* **WHAT NEEDS TO BE DONE**: Copy out the data below from the line containing "多媒體音箱喇叭的選用與使用" to the line containing "Compra tus fotos", both lines included, with all images left out.

* **EXERCISE DATA**:
· · ·
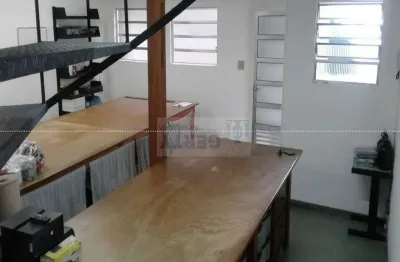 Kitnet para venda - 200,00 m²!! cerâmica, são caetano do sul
· · ·
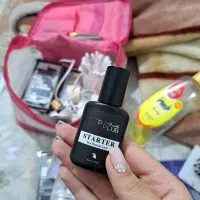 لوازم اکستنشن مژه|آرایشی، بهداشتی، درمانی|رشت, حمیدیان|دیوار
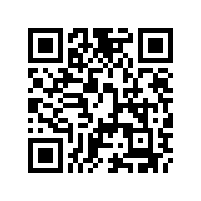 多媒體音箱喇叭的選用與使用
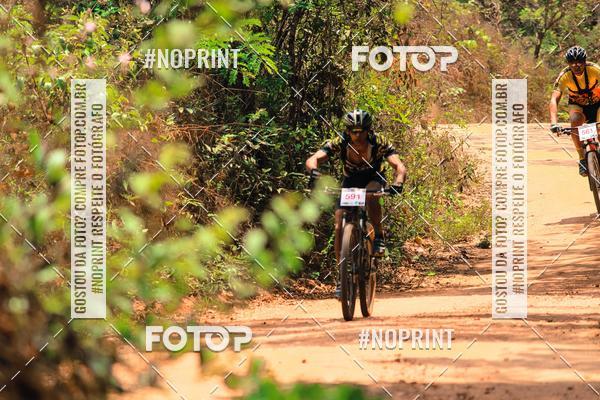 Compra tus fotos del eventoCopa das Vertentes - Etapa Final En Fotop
· · ·
* **OUTPUT BELOW**:
 多媒體音箱喇叭的選用與使用
 Compra tus fotos del eventoCopa das Vertentes - Etapa Final En Fotop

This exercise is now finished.